Yewno does the same thing in other contexts:

an inference and discovery engine that has applications in a variety of fields such as financial, economics, biotech, legal, education and general knowledge search. Yewno offers an analytics capability that delivers better information and faster by ingesting a broad set of public and private data sources and, using its unique framework, finds inferences and connections. Yewno leverages on leading edge computational semantics, graph theoretical models as well as quantitative analytics to hunt for emerging signals across domains of unstructured data sources. (source: Ruggero Gramatica's LinkedIn profile)

This leads to several versions of Yewno: Yewno Discover, Yewno Finance, Yewno Life Sciences, and Yewno Unearth.  Ruth Pickering, the companies co-founder and CEO of Business Development & Strategy Officer, comments, "each vertical uses a specific set of ad-hoc machine learning based algorithms and content. The Yewno Unearth product sits across all verticals and can be applied to any content set in any domain of information."  Don't bother calling the NSA --they already know all about it (and probably use it, as well).

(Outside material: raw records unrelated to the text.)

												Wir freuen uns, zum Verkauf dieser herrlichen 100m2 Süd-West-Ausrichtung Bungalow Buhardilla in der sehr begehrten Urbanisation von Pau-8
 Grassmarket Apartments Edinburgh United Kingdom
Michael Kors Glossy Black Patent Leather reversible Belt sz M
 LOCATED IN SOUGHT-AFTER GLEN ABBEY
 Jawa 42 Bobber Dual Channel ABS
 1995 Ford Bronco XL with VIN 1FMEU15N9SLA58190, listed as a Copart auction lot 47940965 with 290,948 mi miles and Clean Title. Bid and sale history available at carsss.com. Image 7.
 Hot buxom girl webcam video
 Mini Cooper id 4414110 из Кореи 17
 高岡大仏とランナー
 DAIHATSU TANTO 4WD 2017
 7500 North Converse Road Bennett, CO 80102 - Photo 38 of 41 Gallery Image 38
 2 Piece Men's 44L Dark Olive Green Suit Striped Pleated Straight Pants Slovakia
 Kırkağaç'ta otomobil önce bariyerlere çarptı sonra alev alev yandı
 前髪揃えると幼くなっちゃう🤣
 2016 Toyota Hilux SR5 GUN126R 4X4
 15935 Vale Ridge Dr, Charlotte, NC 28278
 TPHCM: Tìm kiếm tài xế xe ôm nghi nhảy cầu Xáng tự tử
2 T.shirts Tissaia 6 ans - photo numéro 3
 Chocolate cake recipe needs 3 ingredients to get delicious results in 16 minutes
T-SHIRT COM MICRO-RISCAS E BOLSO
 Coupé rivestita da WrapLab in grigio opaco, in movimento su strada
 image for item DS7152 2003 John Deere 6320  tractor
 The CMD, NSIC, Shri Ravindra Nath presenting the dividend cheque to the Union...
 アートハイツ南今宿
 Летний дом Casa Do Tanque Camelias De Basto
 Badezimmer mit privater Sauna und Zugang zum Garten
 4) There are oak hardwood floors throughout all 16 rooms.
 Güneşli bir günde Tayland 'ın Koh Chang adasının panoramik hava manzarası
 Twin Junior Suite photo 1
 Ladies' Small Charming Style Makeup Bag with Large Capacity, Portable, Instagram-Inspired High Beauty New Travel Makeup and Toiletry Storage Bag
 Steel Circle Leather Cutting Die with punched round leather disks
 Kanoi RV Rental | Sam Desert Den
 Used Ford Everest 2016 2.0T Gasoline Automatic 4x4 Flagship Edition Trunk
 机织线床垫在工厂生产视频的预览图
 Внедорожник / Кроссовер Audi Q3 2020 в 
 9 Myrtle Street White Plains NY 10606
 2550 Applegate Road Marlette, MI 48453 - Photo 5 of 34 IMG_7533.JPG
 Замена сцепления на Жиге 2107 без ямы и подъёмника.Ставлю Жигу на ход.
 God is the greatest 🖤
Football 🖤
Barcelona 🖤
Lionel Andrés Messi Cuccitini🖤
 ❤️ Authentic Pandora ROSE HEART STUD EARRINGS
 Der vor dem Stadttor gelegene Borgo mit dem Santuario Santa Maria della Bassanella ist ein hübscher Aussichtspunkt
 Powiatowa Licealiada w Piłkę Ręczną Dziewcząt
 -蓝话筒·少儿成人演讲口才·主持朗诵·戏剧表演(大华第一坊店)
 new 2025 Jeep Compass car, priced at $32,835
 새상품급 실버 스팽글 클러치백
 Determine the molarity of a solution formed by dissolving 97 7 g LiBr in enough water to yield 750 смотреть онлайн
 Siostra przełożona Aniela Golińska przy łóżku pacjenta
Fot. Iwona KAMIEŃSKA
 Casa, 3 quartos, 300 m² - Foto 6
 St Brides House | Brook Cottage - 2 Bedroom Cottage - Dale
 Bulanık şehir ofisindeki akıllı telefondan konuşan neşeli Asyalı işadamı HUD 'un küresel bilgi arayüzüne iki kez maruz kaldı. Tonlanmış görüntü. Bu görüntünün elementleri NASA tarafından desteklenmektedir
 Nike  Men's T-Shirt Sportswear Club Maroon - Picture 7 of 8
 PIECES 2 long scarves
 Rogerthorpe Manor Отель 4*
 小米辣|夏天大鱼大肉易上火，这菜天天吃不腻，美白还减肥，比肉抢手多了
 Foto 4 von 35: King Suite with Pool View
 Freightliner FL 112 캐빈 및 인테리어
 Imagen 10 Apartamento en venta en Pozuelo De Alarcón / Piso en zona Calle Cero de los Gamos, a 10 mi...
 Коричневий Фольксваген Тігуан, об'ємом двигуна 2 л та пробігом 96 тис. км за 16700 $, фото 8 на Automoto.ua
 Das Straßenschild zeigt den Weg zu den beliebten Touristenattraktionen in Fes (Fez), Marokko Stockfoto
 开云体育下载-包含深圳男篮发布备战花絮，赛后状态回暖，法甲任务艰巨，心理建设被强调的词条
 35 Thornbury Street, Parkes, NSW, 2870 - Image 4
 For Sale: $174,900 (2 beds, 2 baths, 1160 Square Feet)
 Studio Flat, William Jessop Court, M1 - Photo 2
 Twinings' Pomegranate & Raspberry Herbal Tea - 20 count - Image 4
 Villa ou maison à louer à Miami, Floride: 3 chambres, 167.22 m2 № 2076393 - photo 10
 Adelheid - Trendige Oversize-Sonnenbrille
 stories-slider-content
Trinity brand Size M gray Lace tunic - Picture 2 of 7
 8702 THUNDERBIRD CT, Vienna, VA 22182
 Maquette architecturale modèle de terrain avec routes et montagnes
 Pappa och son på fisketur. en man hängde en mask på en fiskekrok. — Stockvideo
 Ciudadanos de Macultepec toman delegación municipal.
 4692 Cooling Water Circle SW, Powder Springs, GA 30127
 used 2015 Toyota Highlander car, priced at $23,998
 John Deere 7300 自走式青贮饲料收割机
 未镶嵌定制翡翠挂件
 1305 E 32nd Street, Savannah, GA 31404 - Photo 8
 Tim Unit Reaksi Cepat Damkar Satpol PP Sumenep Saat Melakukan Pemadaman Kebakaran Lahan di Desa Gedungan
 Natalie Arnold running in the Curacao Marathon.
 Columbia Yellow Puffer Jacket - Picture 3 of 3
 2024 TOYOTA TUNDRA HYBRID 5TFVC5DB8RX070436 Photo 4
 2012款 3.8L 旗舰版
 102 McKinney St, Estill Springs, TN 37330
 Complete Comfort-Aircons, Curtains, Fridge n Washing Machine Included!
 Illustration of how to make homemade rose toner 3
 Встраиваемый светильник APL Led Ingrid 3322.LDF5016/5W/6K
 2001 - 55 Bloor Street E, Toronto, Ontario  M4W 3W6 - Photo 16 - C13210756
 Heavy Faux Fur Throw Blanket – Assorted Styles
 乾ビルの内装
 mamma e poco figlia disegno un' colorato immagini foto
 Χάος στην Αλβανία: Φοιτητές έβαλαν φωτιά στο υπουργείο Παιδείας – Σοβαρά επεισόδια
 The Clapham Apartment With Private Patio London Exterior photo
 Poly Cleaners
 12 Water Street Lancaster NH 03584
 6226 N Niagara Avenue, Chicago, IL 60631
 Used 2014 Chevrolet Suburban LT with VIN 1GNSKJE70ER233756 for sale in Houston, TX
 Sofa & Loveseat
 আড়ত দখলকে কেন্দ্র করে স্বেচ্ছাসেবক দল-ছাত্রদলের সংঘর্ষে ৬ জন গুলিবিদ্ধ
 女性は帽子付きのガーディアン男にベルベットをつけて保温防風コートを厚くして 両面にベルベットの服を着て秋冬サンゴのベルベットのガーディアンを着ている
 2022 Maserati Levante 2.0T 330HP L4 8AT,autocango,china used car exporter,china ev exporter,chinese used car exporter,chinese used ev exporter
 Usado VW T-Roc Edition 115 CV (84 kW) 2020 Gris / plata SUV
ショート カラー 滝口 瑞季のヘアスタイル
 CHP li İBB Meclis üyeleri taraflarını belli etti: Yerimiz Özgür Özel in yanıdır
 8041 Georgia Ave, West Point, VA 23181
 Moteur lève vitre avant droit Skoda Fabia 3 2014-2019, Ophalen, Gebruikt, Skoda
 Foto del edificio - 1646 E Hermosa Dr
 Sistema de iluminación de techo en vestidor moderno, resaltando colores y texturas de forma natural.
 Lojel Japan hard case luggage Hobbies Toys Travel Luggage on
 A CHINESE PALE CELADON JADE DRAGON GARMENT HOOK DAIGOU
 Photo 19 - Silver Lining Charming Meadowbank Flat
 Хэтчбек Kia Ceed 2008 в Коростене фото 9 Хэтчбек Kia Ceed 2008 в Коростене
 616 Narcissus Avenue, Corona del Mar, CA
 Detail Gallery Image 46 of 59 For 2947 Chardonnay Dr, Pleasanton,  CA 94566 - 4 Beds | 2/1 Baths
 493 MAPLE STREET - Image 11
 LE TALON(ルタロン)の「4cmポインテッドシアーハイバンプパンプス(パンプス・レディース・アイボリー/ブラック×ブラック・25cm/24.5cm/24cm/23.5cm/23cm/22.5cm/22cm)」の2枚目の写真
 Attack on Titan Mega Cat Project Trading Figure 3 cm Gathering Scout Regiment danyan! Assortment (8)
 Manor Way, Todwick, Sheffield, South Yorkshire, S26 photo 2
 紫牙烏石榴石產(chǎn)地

Yewno Unearth is relevant to multiple functions of publishing: portfolio categorization, the ability to spot gaps in content, audience selection, editorial oversight and description, and other purposes for improving a publisher's position, both intellectually and in the information marketplace. So  Yewno Discovery is helpful for academics and researchers, but the whole of Yewno is also designed to relay more information about them to their editors, publishers, funders, and those who will in turn market publications to their libraries.  Elsevier, Ebsco, and ProQuest will undoubtedly appear soon in librarians' offices with Yewno-derived information, and that encounter likely could prove to be truly intimidating.  So Yewno might be a very good thing for a library, but not simply an unalloyed very good thing.

So what is Yewno really based on? The going gets more interesting.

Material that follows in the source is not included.